§ **Task statement**
Make an exact copy of all the entries, but do not reproduce the pictures.

(Records from a data collection)

┏━━

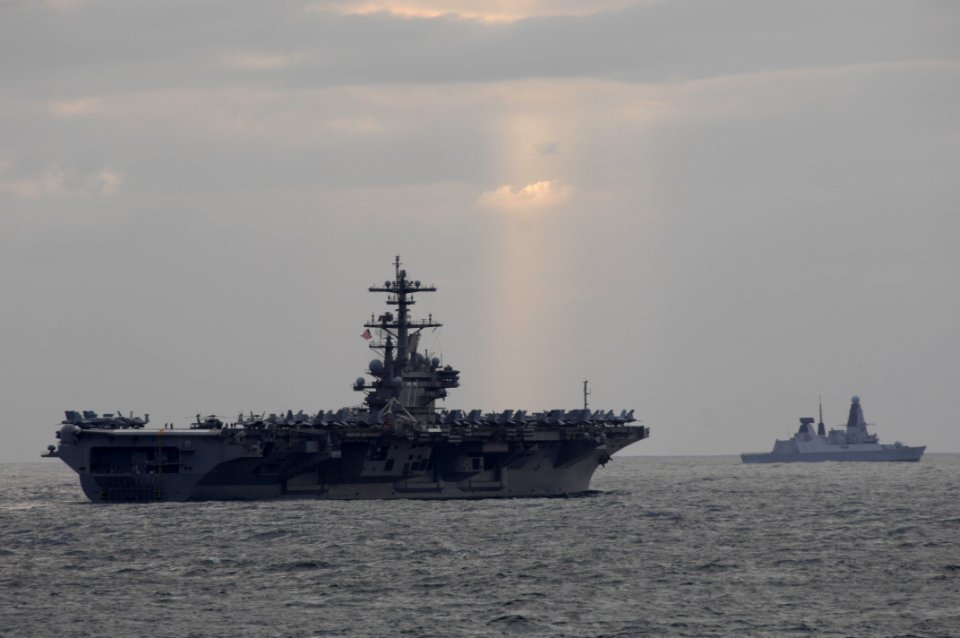 US Navy 110520-N-XQ375-050 USS George H.W. Bush (CVN 77) and HMS Dauntless (D 33) transit the Atlantic Ocean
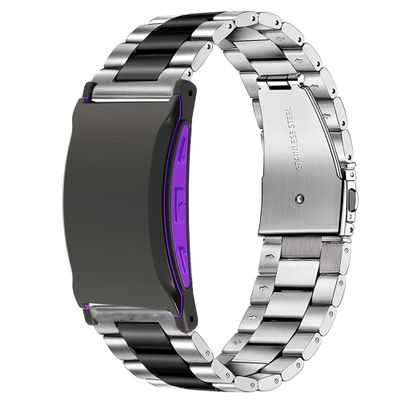 Lamshaw Compatible for Pavlok 3 Band, Quick Release Stainless Steel Metal Replacement Straps Compatible with Pavlok 3 (Silver-Black)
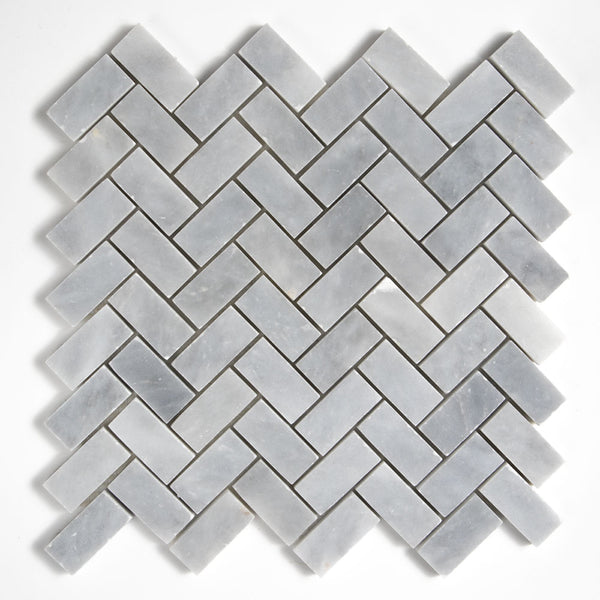 Bardiglio Light Honed Herringbone 1x2 Marble Mosaics 11x11
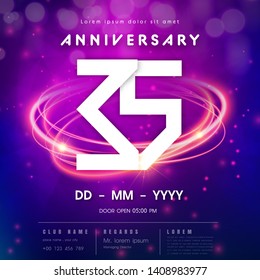 35 years anniversary logo template on purple Abstract futuristic space background. 35th modern technology design celebrating numbers with Hi-tech network digital technology concept design elements.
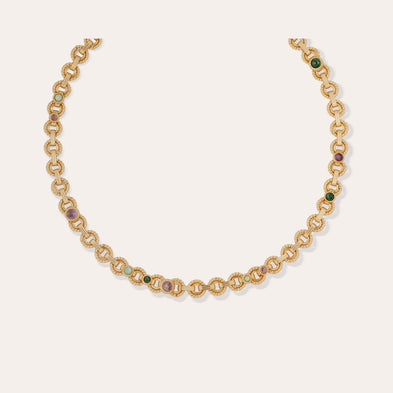 Collier Mistral doré - Malachite, Amazonite & Améthyste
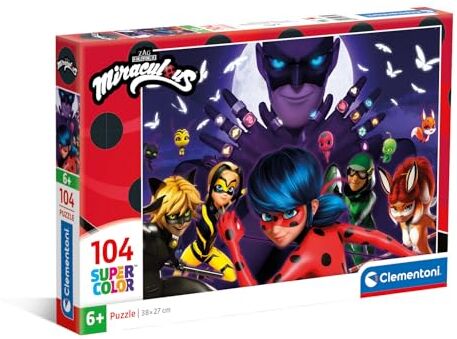 Clementoni - Miraculous Supercolor Puzzle-Miraculous-104 Pezzi Bambini 6 Anni, Puzzle Cartoni Animati, Made in Italy, Multicolore,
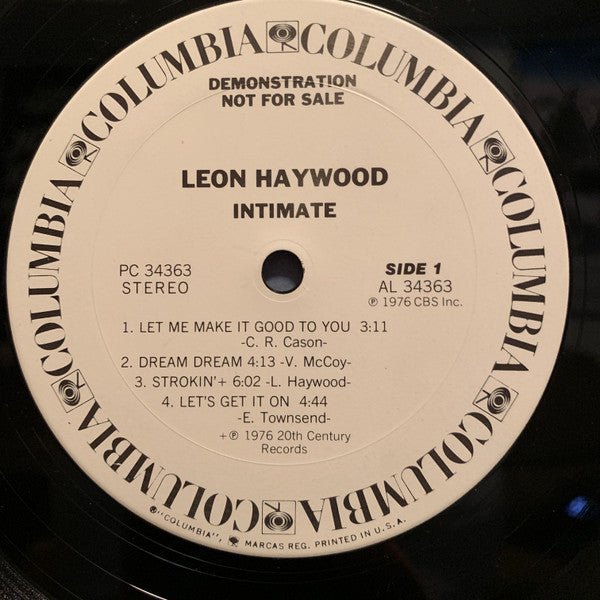 Leon Haywood : Intimate (LP, Album, Promo)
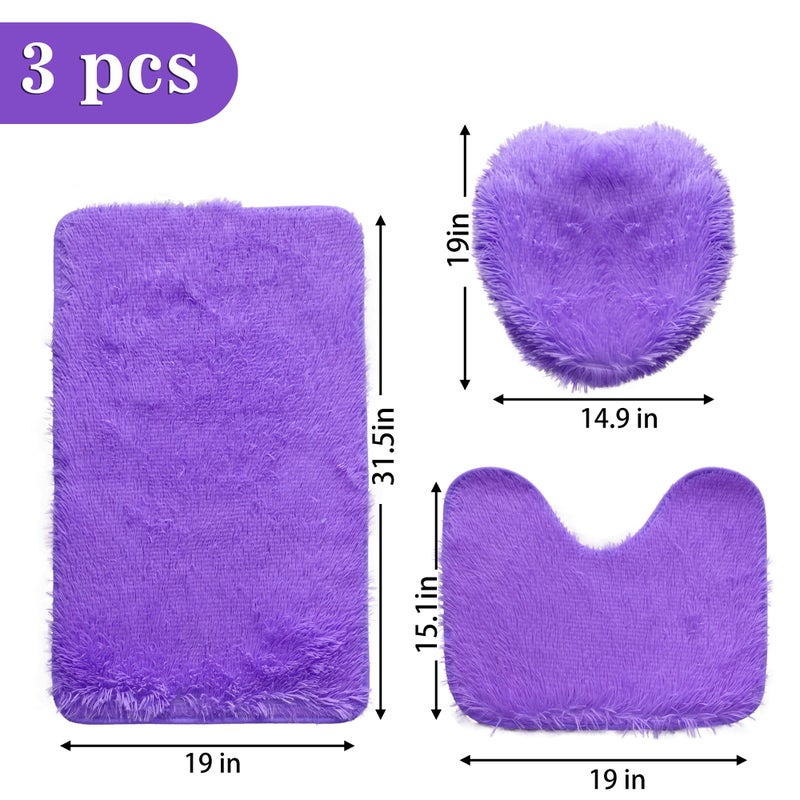 Eanpet Purple Bathroom Rugs Sets 3Piece Bath Mat Solid Bath Rug Floor Mats Washable Shower Rug with U-Shaped Contour Rug Toilet Lid Cover - Image 2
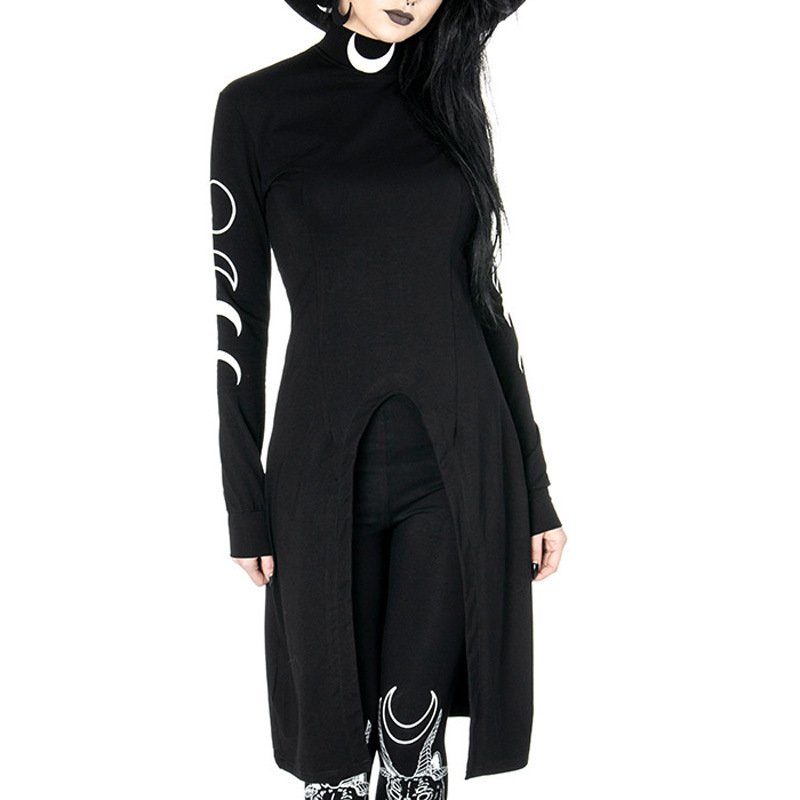 Personalized high collar split midi skirt - Image 2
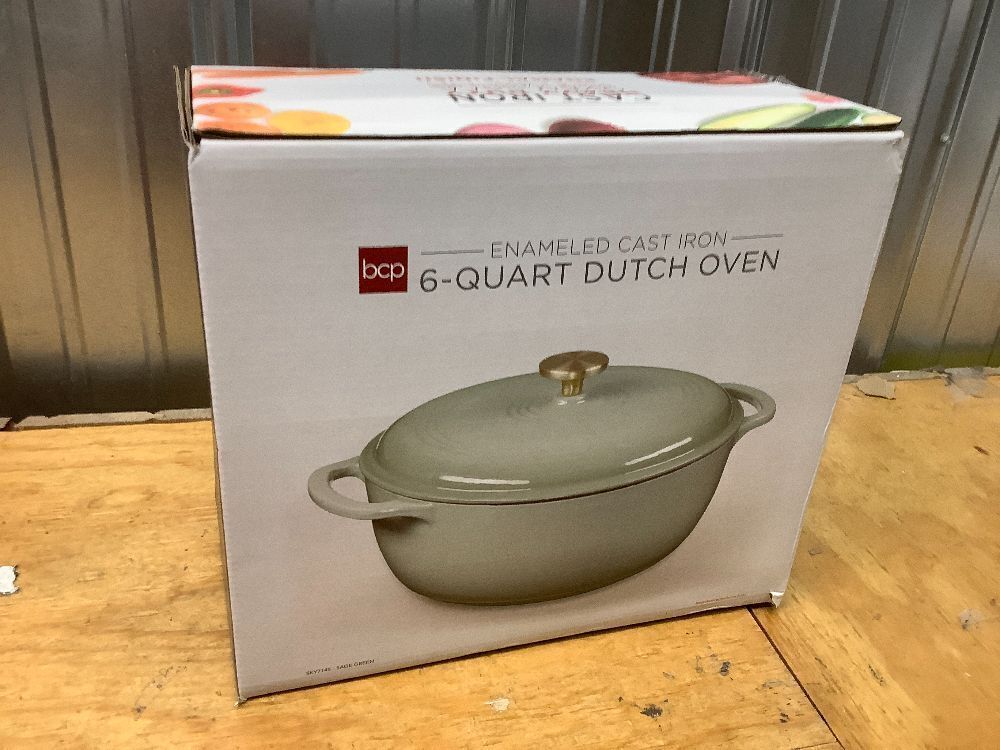 Cast-Iron Dutch Oven Kitchen Cookware w/ Enamel, Handles - 6qt - Image 2 - Lot 9729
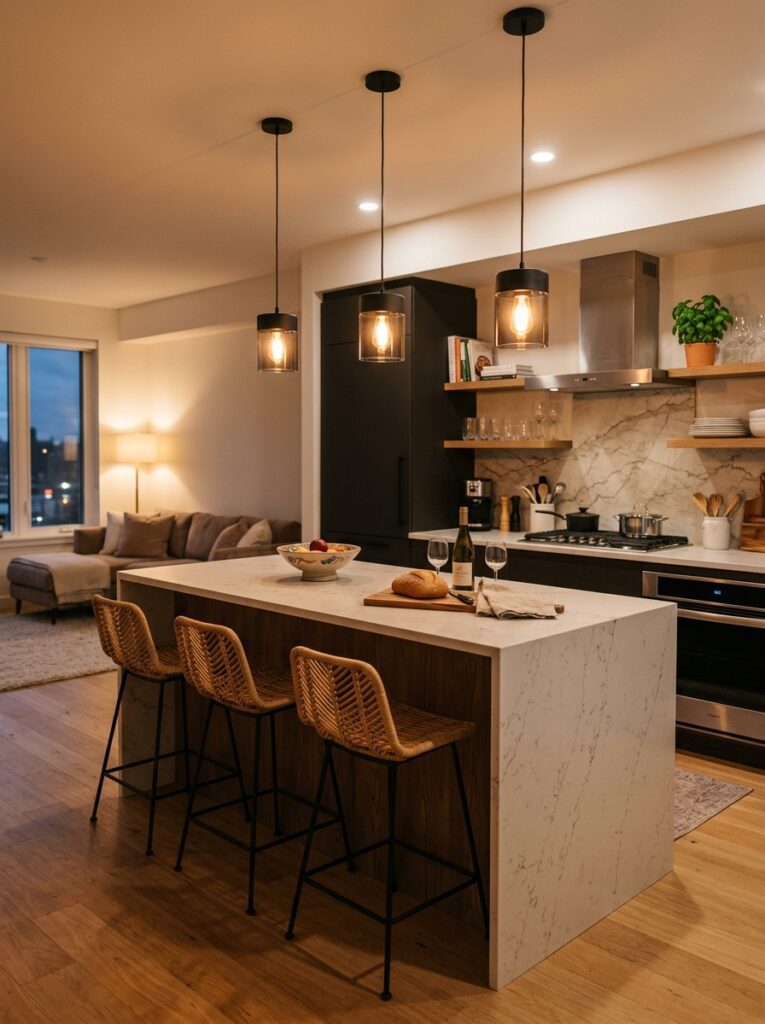 Kitchen island with pendant lighting adding both function and modern style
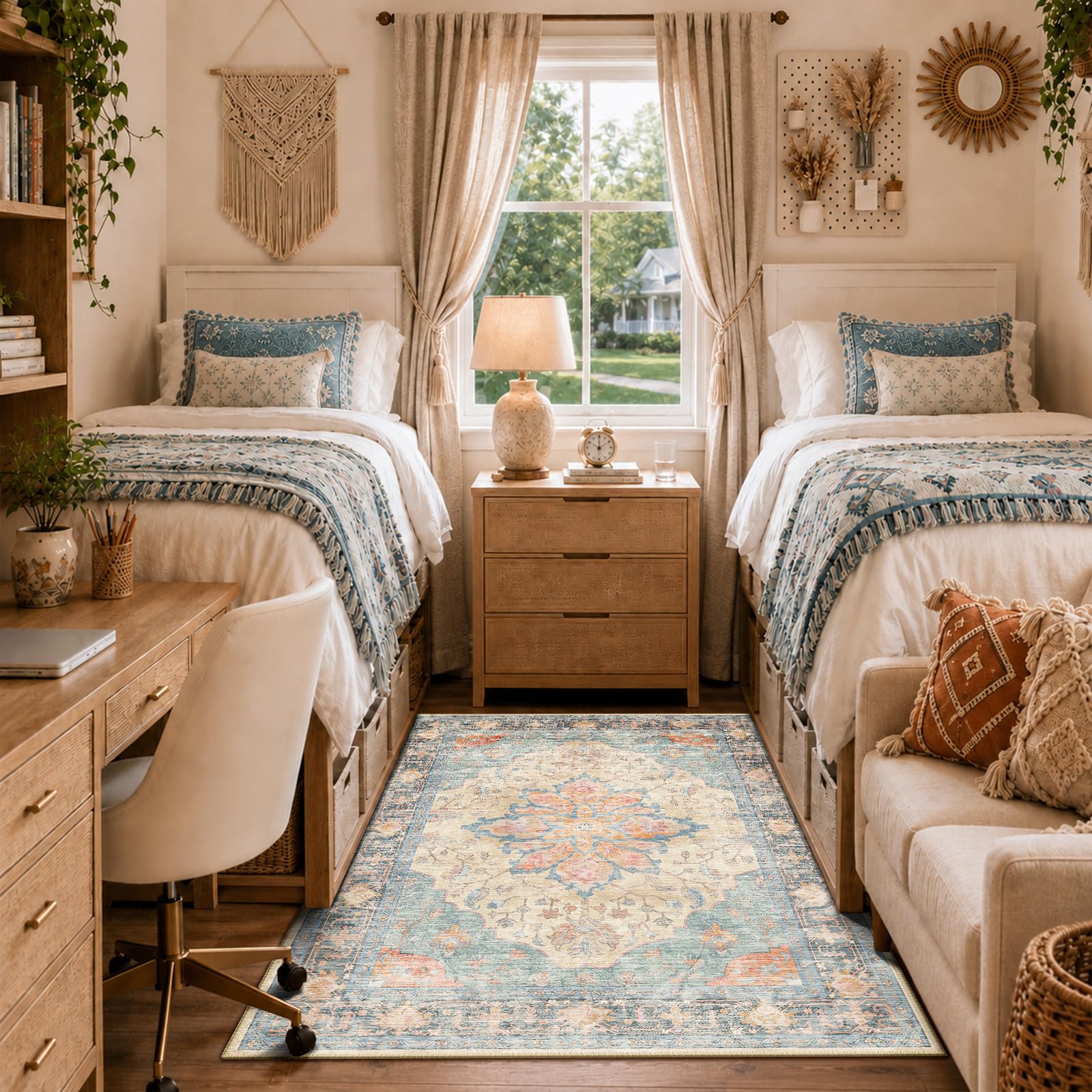 Washable Vintage Floral Area Rug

┗━━

§ **Answer for the task**
 US Navy 110520-N-XQ375-050 USS George H.W. Bush (CVN 77) and HMS Dauntless (D 33) transit the Atlantic Ocean
 Lamshaw Compatible for Pavlok 3 Band, Quick Release Stainless Steel Metal Replacement Straps Compatible with Pavlok 3 (Silver-Black)
 Bardiglio Light Honed Herringbone 1x2 Marble Mosaics 11x11
 35 years anniversary logo template on purple Abstract futuristic space background. 35th modern technology design celebrating numbers with Hi-tech network digital technology concept design elements.
 Collier Mistral doré - Malachite, Amazonite & Améthyste
 Clementoni - Miraculous Supercolor Puzzle-Miraculous-104 Pezzi Bambini 6 Anni, Puzzle Cartoni Animati, Made in Italy, Multicolore,
 Leon Haywood : Intimate (LP, Album, Promo)
 Eanpet Purple Bathroom Rugs Sets 3Piece Bath Mat Solid Bath Rug Floor Mats Washable Shower Rug with U-Shaped Contour Rug Toilet Lid Cover - Image 2
 Personalized high collar split midi skirt - Image 2
 Cast-Iron Dutch Oven Kitchen Cookware w/ Enamel, Handles - 6qt - Image 2 - Lot 9729
 Kitchen island with pendant lighting adding both function and modern style
 Washable Vintage Floral Area Rug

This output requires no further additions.